What can you write after you’ve seen a legend?

You wouldn’t know very much about Daniel Johnston — underground icon, father of the lo-fi singer-songwriter movement, and outsider artist — by the way he shuffled onto the small stage recently at Louisville’s Mellwood Arts & Entertainment Center. Decked out in a Daniel Johnston T-shirt, dark sweatpants and Converse, Johnston quietly set up a music stand with lyrics and fidgeted briefly with his acoustic guitar, bottle of Mountain Dew always nearby, unassuming in his last-minute preparation. The entourage that helped him cut through the thick crowd of camera-wielding fans, musicians, misfits and well-wishers consisted only of his sister.

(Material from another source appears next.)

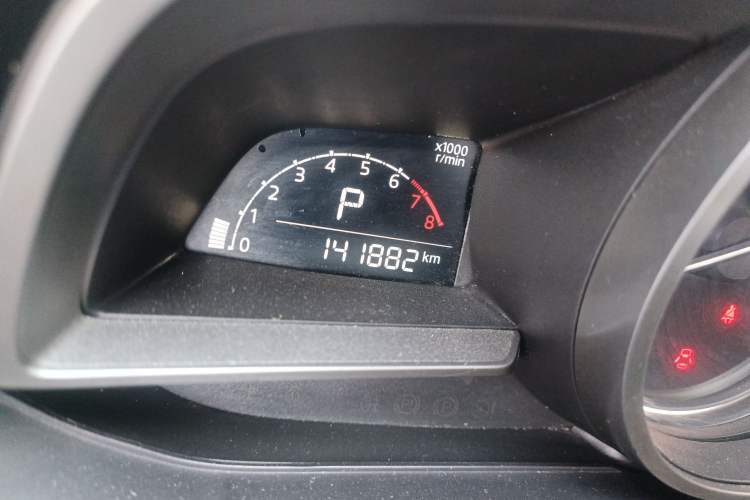 Used Mazda 3 Axela 2017 Sedan 1.5L Automatic Comfort Model Emission Standard China V Odometer Close Up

The music and the art, then, are left to tell the story.

The set, as many might have anticipated, was short — four songs and less than 15 minutes, all told – but far, far, far from unfulfilling. Like Johnston’s ever-growing catalog, the solo acoustic offerings flashed moments of brilliance from the un- and under-stated: the way a chorus suggested a more elaborate pop-rock refrain, the way an awkwardly strummed guitar stood in for an orchestra, the way one voice spoke for many. (For Johnston completists, here’s the set list that’s been floating around the Internet: “Mean Girls Give Pleasure,” “There Is A Sense of Humor Way Beyond Friendship,” “Mask,” and “Freedom.”)

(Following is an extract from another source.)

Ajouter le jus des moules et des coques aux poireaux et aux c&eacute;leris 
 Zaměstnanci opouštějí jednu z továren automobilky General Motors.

But there’s something indescribable about seeing Johnston perform live. While his records and the live performances you can catch on YouTube can transmit a kind of isolation and loneliness, he comes off as even more vulnerable and naked in person. His hands shake between songs, causing him to spill the aforementioned Mountain Dew. He nervously fumbles as he tries to tell a dark joke. (Johnston said he was sentenced to death in a dream for attempting suicide.) He keeps the on-stage patter to a minimum, instead choosing to speak through the drawings he sketches for fans before and after the live sets. To sit in an audience and take it in isn’t eavesdropping or idol worship; it’s something closer to voyeurism, the subject somehow unaware they’re being aesthetically picked apart even as they take part in the analysis.

There’s also a magic, a kind of unspoken, communal conversation built around seeing a performer whose audience knows all the words and the chord changes. The cameras flash, the smiles grow wider, the applause is never anything less than exuberant. Since Johnston’s touring schedule is far from hectic, you’re always somehow aware of the magnitude of what you’re seeing. I can’t say what it must have been like to catch a three-song Johnston set in Austin 20-odd years ago but, if his recent sojourn into Louisville is any indication, it must have been fascinating. This was.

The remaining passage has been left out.